As NATO countries debate how to meet the new target of allocating 5% of GDP to defence and security, the climate crisis is splitting Italy in two: extreme temperatures in the south, potentially reaching 50°C – levels never before recorded in Europe – and severe weather events in the north. While the intensification of armed conflicts has reignited the debate around rearmament, unconventional threats are also emerging, redefining the very concept of security. The climate crisis, with its systemic and cross-cutting impacts, already represents one of the main threats to Italy’s economic and social life, and is a major driver of global instability. Without swift action, climate change is set to become the single biggest threat facing the planet, as Ana Toni, Executive Director of COP30, recently warned. In this context, it is both timely and essential to adopt a broader understanding of the threats countries must defend themselves against, one that fully incorporates ‘climate security.’

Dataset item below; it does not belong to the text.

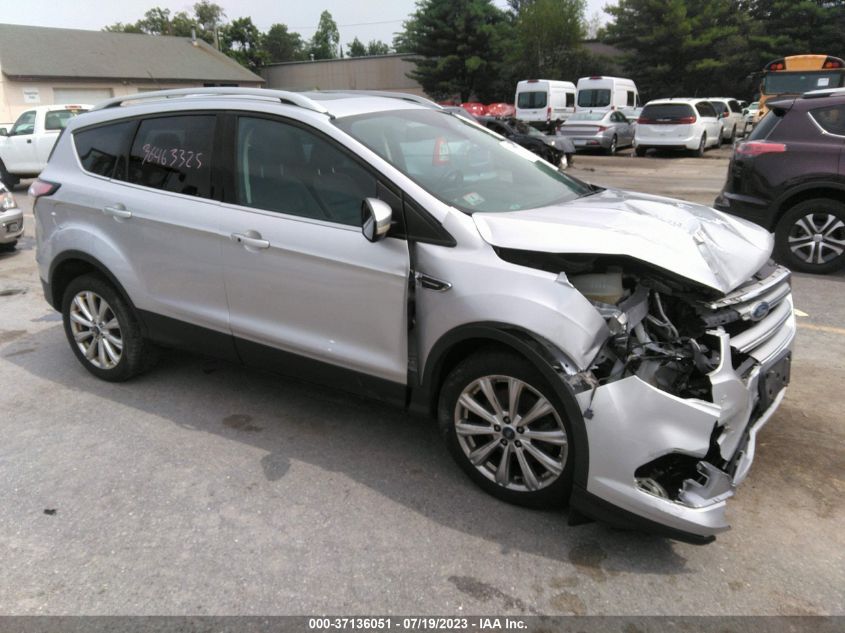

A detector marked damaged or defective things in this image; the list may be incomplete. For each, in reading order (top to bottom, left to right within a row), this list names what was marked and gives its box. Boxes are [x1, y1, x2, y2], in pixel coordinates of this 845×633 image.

crumpled hood [472, 188, 776, 294]
damaged front end [502, 249, 796, 540]
damaged front end [568, 256, 796, 540]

Uncertainties surrounding European rearmament
In recent years, the world has witnessed a significant intensification of armed conflicts, the most serious since the end of the Second World War. This has fuelled an unprecedented rise in global military spending, which in 2024 exceeded $2.7 trillion. Against this backdrop came the Hague Summit Declaration, proposing a new NATO target: by 2035, members should allocate 5% of their GDP to defence and security, split into 3.5% for traditional military spending and 1.5% for broader security measures.

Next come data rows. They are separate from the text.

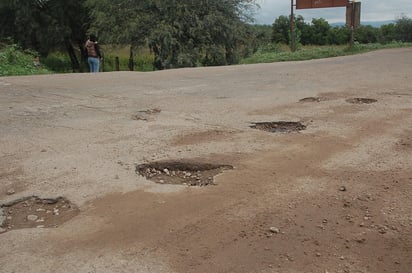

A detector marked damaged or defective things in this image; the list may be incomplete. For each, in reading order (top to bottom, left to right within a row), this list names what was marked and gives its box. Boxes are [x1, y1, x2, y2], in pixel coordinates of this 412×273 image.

pothole [135, 160, 232, 186]
water-filled pothole [135, 160, 232, 186]
large pothole [135, 160, 232, 186]
water-filled pothole [0, 194, 78, 233]
pothole [0, 194, 79, 233]
large pothole [0, 194, 79, 233]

This marks a significant shift, driven in large part by the Trump administration. Alongside policies such as the tariff wars, it forms part of a broader foreign policy strategy aimed at protecting America’s geopolitical and geoeconomic position in a rapidly changing world order. In this context, Europe is being called upon to defend its interests, its vision and its international role. While on the trade war front, the European response can and must rely on the Green Deal as a tool to defend its independence and competitiveness, on the issue of rearmament, Europe appears more vulnerable.
Despite the existence of EU security and defence mechanisms, many experts highlight structural weaknesses that a simple increase in military spending is unlikely to resolve. In addition to the absence of a unified European army, there is still no shared foreign policy agenda among Member States, who often take vastly different positions on fundamental issues.

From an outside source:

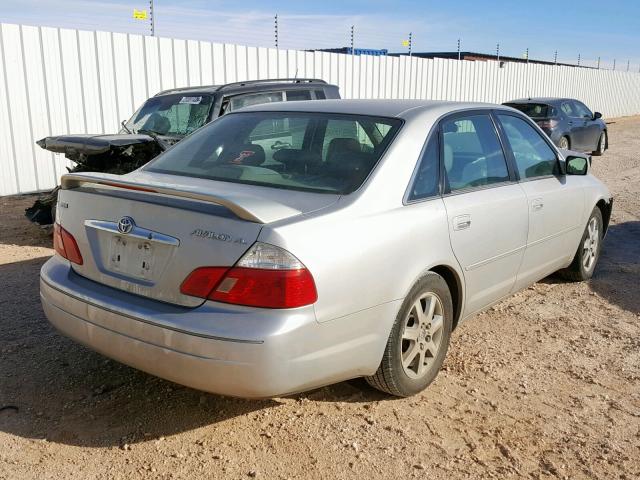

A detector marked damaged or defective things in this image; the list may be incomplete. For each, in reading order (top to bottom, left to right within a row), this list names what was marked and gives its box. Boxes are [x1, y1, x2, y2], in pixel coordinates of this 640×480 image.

damaged vehicle [28, 79, 340, 225]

Furthermore, recent estimates warn that meeting the 5% target could affect the EU’s credit ratings and undermine efforts to restore public finances in several countries, including Italy. While the European Commission has put forward solutions to ease budgetary constraints – such as the Readiness 2030 plan with €800 billion in additional defence investments, the SAFE investment programme, the European Defence Industry Programme (EDIF) and a proposal to establish a European rearmament bank – a fundamental question remains: which priorities are at risk of being sacrificed?
It is fair to ask whether the current shift in budget priorities towards defence could erode the fiscal space available for other strategic and security priorities, such as climate action, diverting resources away from domestic decarbonisation and adaptation policies and international climate cooperation.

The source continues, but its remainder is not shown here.